Masamune Sakamoto scite author profile

Cerebellar ataxia is a genetically heterogeneous disorder. GEMIN5 encoding an RNA‐binding protein of the survival of motor neuron complex, is essential for small nuclear ribonucleoprotein biogenesis, and it was recently reported that biallelic loss‐of‐function variants cause neurodevelopmental delay, hypotonia, and cerebellar ataxia. Here, whole‐exome analysis revealed compound heterozygous GEMIN5 variants in two individuals from our cohort of 162 patients with cerebellar atrophy/hypoplasia. Three novel truncating variants and one previously reported missense variant were identified: c.2196dupA, p.(Arg733Thrfs*6) and c.1831G > A, p.(Val611Met) in individual 1, and c.3913delG, p.(Ala1305Leufs*14) and c.4496dupA, p.(Tyr1499*) in individual 2. Western blotting analysis using lymphoblastoid cell lines derived from both affected individuals showed significantly reduced levels of GEMIN5 protein.

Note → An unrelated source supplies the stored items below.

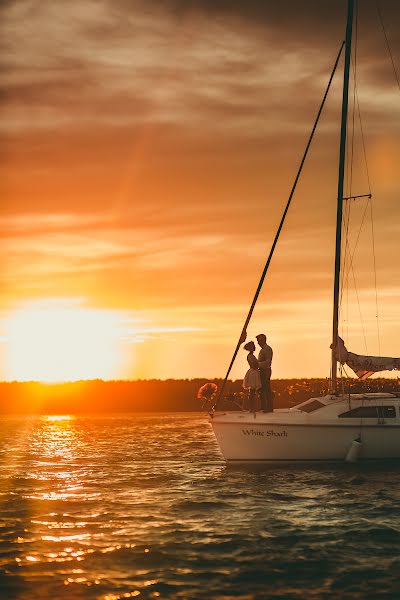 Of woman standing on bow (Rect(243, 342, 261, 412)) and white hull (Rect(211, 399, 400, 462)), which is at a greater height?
woman standing on bow (Rect(243, 342, 261, 412))

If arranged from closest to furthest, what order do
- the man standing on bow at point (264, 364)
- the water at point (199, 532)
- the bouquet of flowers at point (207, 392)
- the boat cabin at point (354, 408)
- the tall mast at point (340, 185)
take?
the water at point (199, 532) → the boat cabin at point (354, 408) → the man standing on bow at point (264, 364) → the tall mast at point (340, 185) → the bouquet of flowers at point (207, 392)

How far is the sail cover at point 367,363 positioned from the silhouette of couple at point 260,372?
2.86m

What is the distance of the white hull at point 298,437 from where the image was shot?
3047cm

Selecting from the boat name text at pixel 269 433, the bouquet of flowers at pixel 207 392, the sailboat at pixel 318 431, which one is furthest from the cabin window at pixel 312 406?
the bouquet of flowers at pixel 207 392

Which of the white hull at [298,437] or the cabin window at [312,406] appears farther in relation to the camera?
the cabin window at [312,406]

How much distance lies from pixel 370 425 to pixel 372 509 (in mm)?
7373

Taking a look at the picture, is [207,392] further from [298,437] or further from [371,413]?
[371,413]

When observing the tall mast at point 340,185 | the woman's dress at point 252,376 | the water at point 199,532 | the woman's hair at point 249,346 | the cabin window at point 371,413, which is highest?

Zebrafish model for null variants p.(Arg733Thrfs*6) and p.(Ala1305Leufs*14) exhibited complete lethality at 2 weeks and recapitulated a distinct dysplastic phenotype. The phenotypes of affected individuals and the zebrafish mutant models strongly suggest that biallelic loss‐of‐function variants in GEMIN5 cause cerebellar atrophy/hypoplasia.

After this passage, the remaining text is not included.